Single producer single consumer lock free queue c

Question

I am wondering why it would be incorrect to implement this sort of queue the naive way:

#include <stdlib.h>
#include <stdio.h>
#include <pthread.h>
#include <sys/time.h>


void *print_message_function( void *ptr );

void *reader( void *ptr );
void *writer( void *ptr );



int queue[500000];


int main(int argc, char **argv) 
{
   pthread_t thread1, thread2;

   char *message1 = "Thread 1";
   char *message2 = "Thread 2";
   int  iret1, iret2; 


   iret1 = pthread_create( &thread1, NULL, writer, (void*) message1);
   iret2 = pthread_create( &thread2, NULL, reader, (void*) message2);

   usleep(2000);

   void pthread_exit(void *iret1 );
   void pthread_exit(void *iret2 );

   exit(0);

}



void *writer( void *ptr )
{
  // make local copy of queue head
  register int *pos = queue; 

  //   struct thread_param *tp = arg;
  int counter = 0;

  while(1)
  {
    //Write to head of queue
    *pos = 5;

    pos++;

    print_message_function(  ptr);
  }
}


void *reader( void *ptr )
{
  int counter = 0;

  // make local copy of queue head
  register int *pos = queue; 

  while(1)
  {

    // Read from tail of queue - loop when nothing
    if ( *pos == 5 ) 
    { 
      print_message_function( ptr ); 
      pos++; 
    }
  }
}



void *print_message_function( void *ptr )
{
      char *message;
      message = (char *) ptr;
      printf("%s \n", message);
}

I do intend to cache align the queue.

I do not believe memory reordering is a problem since a copy of the queue head is made on start and there is a single reader and writer.

My reason for wanting this is it should be faster than either mutex locks or CAS ops.
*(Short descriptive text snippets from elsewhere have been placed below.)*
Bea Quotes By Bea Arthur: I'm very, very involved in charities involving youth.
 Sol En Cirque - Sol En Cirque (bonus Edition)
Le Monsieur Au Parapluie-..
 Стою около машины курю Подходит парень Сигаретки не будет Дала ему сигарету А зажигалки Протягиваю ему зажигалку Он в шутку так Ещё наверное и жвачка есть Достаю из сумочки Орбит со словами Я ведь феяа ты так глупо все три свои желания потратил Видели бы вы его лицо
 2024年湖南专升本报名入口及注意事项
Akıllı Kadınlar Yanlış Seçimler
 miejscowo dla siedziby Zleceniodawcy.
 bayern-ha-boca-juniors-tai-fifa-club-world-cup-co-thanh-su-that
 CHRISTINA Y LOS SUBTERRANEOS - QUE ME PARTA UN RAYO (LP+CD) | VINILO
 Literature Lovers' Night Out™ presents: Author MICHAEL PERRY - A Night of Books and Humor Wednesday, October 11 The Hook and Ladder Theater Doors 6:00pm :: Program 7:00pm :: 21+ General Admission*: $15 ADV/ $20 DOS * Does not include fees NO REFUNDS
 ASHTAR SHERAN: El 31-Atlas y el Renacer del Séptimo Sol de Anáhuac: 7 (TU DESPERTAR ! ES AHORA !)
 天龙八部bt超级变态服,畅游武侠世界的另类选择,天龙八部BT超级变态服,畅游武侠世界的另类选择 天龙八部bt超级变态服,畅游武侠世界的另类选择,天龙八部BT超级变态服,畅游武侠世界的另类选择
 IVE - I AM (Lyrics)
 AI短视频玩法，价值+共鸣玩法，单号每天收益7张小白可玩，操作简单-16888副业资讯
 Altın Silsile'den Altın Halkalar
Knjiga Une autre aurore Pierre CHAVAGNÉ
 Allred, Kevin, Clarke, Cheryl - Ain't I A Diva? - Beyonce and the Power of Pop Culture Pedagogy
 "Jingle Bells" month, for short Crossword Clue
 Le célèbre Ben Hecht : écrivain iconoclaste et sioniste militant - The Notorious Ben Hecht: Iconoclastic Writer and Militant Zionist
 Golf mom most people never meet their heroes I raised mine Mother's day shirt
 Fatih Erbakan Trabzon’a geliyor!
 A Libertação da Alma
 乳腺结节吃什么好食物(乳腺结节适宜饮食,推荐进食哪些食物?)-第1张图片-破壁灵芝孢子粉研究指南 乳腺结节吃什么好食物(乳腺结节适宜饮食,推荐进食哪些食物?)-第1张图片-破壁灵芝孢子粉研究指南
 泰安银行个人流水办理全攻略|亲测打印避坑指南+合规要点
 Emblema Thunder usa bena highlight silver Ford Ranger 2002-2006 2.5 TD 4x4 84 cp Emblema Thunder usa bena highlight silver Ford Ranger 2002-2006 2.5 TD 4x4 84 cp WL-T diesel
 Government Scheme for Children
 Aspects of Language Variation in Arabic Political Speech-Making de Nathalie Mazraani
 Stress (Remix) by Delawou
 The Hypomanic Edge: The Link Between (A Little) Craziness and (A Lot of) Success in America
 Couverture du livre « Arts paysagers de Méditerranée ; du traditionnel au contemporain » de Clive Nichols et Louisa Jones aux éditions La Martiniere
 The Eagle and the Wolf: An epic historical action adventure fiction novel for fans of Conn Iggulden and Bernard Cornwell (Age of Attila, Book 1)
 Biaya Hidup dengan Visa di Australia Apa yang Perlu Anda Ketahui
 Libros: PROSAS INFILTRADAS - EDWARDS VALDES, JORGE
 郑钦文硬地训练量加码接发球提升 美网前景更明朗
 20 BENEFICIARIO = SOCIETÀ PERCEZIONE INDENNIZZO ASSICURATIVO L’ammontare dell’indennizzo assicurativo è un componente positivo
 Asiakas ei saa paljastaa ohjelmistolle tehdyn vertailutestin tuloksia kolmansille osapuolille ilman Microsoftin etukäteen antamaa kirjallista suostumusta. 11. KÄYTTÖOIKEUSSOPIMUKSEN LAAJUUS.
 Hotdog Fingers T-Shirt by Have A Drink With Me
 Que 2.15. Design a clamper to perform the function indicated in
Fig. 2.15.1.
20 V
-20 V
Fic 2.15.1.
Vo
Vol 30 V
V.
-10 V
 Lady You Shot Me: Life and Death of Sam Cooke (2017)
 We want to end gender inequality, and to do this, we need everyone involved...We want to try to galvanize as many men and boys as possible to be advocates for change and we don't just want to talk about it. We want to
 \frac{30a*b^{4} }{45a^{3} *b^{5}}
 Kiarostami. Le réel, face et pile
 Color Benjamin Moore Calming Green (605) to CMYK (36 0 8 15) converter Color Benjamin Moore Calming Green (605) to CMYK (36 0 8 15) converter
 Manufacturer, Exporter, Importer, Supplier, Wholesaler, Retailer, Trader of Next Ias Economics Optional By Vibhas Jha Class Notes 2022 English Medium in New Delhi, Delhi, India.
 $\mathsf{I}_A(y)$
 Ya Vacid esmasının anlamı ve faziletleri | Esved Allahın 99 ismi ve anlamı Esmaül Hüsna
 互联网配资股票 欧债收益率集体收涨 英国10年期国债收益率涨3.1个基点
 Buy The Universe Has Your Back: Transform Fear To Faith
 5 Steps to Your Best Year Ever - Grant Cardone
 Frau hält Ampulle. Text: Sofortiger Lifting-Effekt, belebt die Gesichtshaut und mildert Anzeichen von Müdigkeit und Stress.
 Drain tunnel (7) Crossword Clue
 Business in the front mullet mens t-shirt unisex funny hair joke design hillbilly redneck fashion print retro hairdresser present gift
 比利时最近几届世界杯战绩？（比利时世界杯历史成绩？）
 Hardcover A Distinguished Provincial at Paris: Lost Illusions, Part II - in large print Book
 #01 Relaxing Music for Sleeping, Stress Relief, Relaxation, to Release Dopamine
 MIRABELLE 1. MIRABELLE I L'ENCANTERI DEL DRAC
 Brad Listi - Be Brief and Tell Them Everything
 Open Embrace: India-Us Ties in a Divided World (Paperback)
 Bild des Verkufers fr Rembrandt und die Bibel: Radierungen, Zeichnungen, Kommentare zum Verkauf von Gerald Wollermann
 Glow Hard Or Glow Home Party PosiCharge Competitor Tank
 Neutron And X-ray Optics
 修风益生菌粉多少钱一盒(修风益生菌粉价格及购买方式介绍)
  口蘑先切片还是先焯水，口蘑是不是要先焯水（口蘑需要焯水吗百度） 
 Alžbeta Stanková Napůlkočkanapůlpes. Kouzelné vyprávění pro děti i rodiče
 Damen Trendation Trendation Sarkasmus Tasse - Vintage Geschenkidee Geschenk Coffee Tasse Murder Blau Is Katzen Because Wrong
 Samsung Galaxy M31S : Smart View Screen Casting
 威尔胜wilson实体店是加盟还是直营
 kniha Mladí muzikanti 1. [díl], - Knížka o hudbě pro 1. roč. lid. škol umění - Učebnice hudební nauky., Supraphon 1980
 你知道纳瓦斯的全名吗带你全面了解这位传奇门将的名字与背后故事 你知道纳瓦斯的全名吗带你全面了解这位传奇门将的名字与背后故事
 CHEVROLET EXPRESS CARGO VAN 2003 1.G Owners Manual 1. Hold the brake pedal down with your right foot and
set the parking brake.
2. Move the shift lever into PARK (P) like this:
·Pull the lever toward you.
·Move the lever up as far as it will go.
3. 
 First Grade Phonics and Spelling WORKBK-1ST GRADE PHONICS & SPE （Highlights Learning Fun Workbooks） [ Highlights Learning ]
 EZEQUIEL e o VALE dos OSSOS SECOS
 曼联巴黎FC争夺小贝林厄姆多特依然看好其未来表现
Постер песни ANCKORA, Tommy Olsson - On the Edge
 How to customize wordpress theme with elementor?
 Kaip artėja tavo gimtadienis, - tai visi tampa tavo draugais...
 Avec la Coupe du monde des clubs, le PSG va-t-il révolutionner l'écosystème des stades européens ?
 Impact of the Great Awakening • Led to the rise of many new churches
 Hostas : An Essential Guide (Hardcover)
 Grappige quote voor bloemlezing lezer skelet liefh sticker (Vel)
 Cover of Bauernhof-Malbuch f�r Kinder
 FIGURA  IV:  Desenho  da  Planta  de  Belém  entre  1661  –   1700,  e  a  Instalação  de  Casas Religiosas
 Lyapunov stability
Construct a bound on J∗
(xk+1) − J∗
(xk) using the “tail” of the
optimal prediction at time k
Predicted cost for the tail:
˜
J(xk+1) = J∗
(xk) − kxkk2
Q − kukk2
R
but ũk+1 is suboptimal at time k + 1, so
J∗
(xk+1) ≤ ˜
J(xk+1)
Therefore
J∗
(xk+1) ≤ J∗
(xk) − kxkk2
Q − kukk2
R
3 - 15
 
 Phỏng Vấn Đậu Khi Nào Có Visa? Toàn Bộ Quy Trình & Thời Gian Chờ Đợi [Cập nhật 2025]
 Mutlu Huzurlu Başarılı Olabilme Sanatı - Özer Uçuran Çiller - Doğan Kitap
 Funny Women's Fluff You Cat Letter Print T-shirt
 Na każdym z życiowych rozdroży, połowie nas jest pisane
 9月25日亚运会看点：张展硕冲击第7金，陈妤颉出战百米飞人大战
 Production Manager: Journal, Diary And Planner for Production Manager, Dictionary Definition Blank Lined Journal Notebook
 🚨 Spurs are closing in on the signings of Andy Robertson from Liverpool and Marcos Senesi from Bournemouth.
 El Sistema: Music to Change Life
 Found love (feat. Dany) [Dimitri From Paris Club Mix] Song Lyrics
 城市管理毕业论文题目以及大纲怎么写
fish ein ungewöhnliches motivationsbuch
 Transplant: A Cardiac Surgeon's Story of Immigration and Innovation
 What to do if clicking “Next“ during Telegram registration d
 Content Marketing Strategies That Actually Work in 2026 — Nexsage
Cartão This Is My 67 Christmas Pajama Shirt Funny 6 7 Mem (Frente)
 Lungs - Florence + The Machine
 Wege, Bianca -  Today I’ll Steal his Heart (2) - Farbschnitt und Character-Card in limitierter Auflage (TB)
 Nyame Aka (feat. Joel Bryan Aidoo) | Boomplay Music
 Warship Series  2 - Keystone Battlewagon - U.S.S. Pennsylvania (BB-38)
Is this intended to be portable C code or is it platform-specific? If so, what platform is it supposed to work on? — David Schwartz, Jul 07 '12 at 18:04
Its platform-independent linux, I can code custom assembly if need be. — BAR, Jul 07 '12 at 18:07
That's kind of an oxymoron. Is it Linux-specific? Or is platform-independent? — David Schwartz, Jul 07 '12 at 18:08
@KarolyHorvath: Yep. Which wastes power, can starve other cores, and forces a horrible performance penalty at the most critical time -- when you exit the loop. — David Schwartz, Jul 07 '12 at 18:17
I should mention I also intend to do cpu-affinity so busy wait is not a problem, I want "faster than anything else". — BAR, Jul 07 '12 at 18:17
@user417896: Then you have your design completely backwards. You are, at minimum, basically guaranteed a branch misprediction when you exit the loop. Those are definitely not fast. (Why are you doing this? Please just do it the normal way. Even CPU experts have a very hard time getting this right -- and then a new CPU comes out.) — David Schwartz, Jul 07 '12 at 18:18
@David what is the fastest way experts do it, surely not mutex. — BAR, Jul 07 '12 at 18:22
Get your system working to a functional level with coventional blocking queues. If you have a performance issue, you MAY find that you have to look at some different queue class. You're only going to be queueing pointers, yes? You have to try quite hard to get contention when the queue is only locked for push/pop one pointer time. Overall, your app performance will probably be blown by the CPU-loops, as others have warned. Likewise CPU-affinity bodges. Would your time not be better spent on 'real' app code? — Martin James, Jul 07 '12 at 18:29
With illegal instructions, catching the fault, and patching for the particular CPU/platform. Generally, you wind up with an atomic operation and a loop with a `rep nop` in it. (But please take Martin James advice -- you shouldn't be messing with this stuff. Do you really want to be writing the special case code for SMP Pentium Pro systems? For P4 hyper-threaded systems?) — David Schwartz, Jul 07 '12 at 18:34
I would add that, If I found any app using up a complete core, or cores, while idle, I would immediately remove it from my systems and ask for my money back. — Martin James, Jul 07 '12 at 18:41
By the way, those are real special cases. SMP PPro had an errata that required you to use a locked exchange instead of a plain write. And some P4's with hyper-threading will livelock if you read-spin on one virtual core while the other tries to write. If you want to write this kind of low-level code, you have to account for the details of the platform. (And generally, you just shouldn't do it.) — David Schwartz, Jul 07 '12 at 19:10
@user417896 one way you can do it is to use a Futex/CS to protect the queue and, only if the queue is found empty within the F/CS, lock the consumer on a separate condvar/event for each consumer, (this allows a consumer to be made ready with an object already stored in consumer var so it doesn't have to revisit the queue). I rarely use such optimizations - I can get all I need for most apps with a bog-standard blocking P-C queue: a futex/CS and semaphore. With object pools, I don't even need bounded queues - that alone saves a pile of ring-cycles. No space-heaters/CPU-loops for me:) — Martin James, Jul 07 '12 at 20:29

score 2 · Accepted Answer · answered Jul 07 '12 at 18:48

with POSIX threads you only have data coherence between threads if you use mutexes, locks etc. And the coherence has no well defined interface with your compiler. (and volatile definitively isn't it) Don't do it like that, all things can happen, as updates of variables that are optimized out (here volatile could help) or partial reads or writes.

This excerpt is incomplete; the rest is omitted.